Harrimania planktophilus

Scientific classification
- Kingdom: Animalia
- Phylum: Hemichordata
- Class: Enteropneusta
- Family: Harrimaniidae
- Genus: Harrimania
- Species: H. planktophilus
- Binomial name: Harrimania planktophilus Cameron, 2002

= Harrimania planktophilus =

- Genus: Harrimania
- Species: planktophilus
- Authority: Cameron, 2002

Species of marine worm-like animal

Harrimania planktophilus is a marine acorn worm in the family Harrimaniidae. It lives in a burrow in sediment on the sea floor. It is only known from western Canada and was first described by Cameron in 2002. The species name is from the Greek and translates as "lover of plankton".

==Description==
Harrimania planktophilus can grow to about 6 cm (2.5 in) long but is more typically 3.5 cm. Though generally cylindrical, the body is divided into several distinct regions, having a short cream-coloured, extendible proboscis, an orange collar and a long yellow and grey trunk. The proboscis has a dorsal groove and is cone-shaped, being rather longer than it is wide. It contains a skeleton which extends into the anterior part of the trunk. Near the front of the short, wide collar is a circumbuccal groove in which the mouth is situated. Contractions of its muscular lip cause the size and shape of the mouth to vary. There is a small brown pit where the collar meets the trunk and the latter is subdivided into four parts. The long branchial region has up to 54 pairs of gill pores opening dorsally. It is followed by an esophageal region with a distinctive reddish-coloured oesophagus. Posterior to this is a dark-coloured hepatic region and a long greyish intestinal region. This is transparent and the gut is visible meandering to its termination at the anus, which is controlled by a strong sphincter. In mature individuals, the gonads are long dark masses and extend dorsally most of the way down the trunk.

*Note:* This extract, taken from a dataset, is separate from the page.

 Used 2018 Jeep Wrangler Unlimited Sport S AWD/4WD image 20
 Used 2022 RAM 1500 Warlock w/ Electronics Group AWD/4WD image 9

==Distribution and habitat==
Harrimania planktophilus has been found at two locations in Barklay Sound, Vancouver Island, Canada. It lives in burrows in the sand either in the intertidal zone or below low water mark. It favours areas with a high concentration of calcium carbonate provided by mollusc shell fragments, barnacle plates, foraminifera and other invertebrate debris. It is photo-negative and avoids emerging on the sea floor. Several individuals may share the same burrow system.

==Biology==
Compared with other members of the genus, H. planktophilus is robust and active. It feeds by trapping particle with the mucus that coats its proboscis, and then wafting these back to the mouth by means of cilia. It is also a filter feeder, using pharyngeal cilia to create a current which pumps water through its mouth, where plankton and other organic particles are extracted, and out through its gill pores.

Harrimania planktophilus is dioecious, with individuals being either male or female. The yellow eggs are deposited in a hollow, cylindrical, jellylike mass in the burrow. Adults can pass through the centre of this. The outer side of the mass is coated in debris while the inner side is clean. When the larvae hatch, they pass through a number of ciliated, spherical and hemispherical developmental stages before becoming vermiform juveniles and developing the proboscis, collar and trunk of the adult. The juveniles can travel forward and backwards by beating their cilia, moving as far as a body length in two seconds.